> _Work instructions_:
Pictures should be left out when the listing below is repeated word for word.

════════

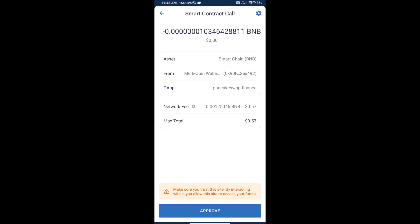Finally, we will click on Approve and we will get this token successfully. Thanks for watching.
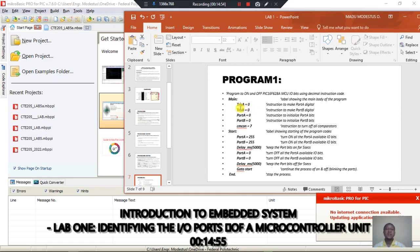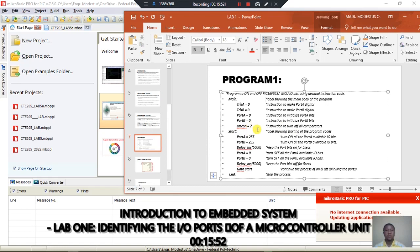The MicroBasic window has opened, showing the last program I wrote. Let's look at some steps in writing our program. In this Program 1, we want to identify the input/output ports of the microcontroller unit. First, make a comment telling the reader what this program does — this program will turn on and off PIC microcontroller LEDs using decimal instruction code.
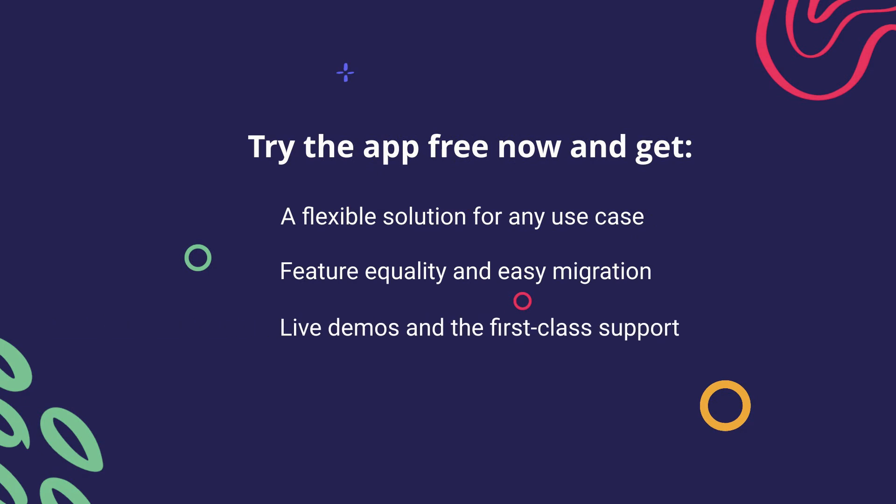Start the free trial today! Explore the robust feature set and flexibility of the app.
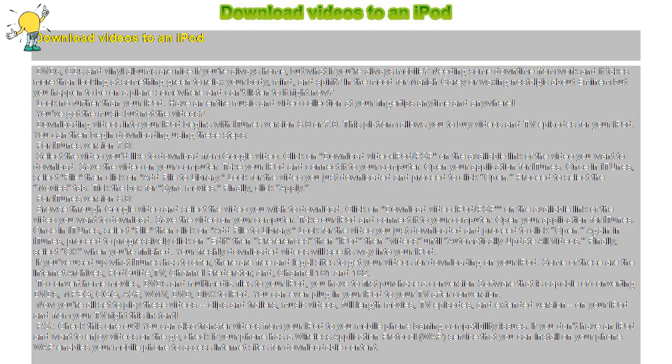Finally, click Apply. For iTunes version 6.0, browse through Google Video and select the video you wish to download. Click on Download Video iPod/PSP on the available link of the video you want to download. Save the video on your computer. Take your iPod and connect it to your computer.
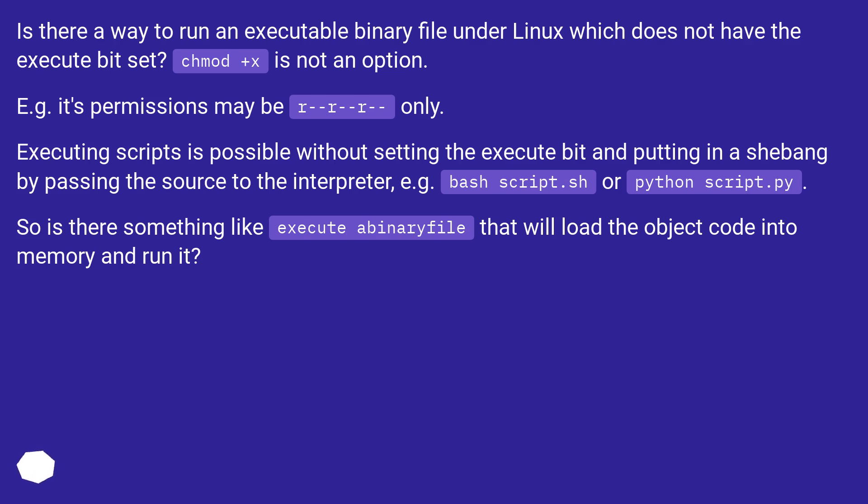So is there something like execute a binary file that will load the object code into memory and run it?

════════

> _Solution for this problem_:
Finally, we will click on Approve and we will get this token successfully. Thanks for watching.
The MicroBasic window has opened, showing the last program I wrote. Let's look at some steps in writing our program. In this Program 1, we want to identify the input/output ports of the microcontroller unit. First, make a comment telling the reader what this program does — this program will turn on and off PIC microcontroller LEDs using decimal instruction code.
Start the free trial today! Explore the robust feature set and flexibility of the app.
Finally, click Apply. For iTunes version 6.0, browse through Google Video and select the video you wish to download. Click on Download Video iPod/PSP on the available link of the video you want to download. Save the video on your computer. Take your iPod and connect it to your computer.
So is there something like execute a binary file that will load the object code into memory and run it?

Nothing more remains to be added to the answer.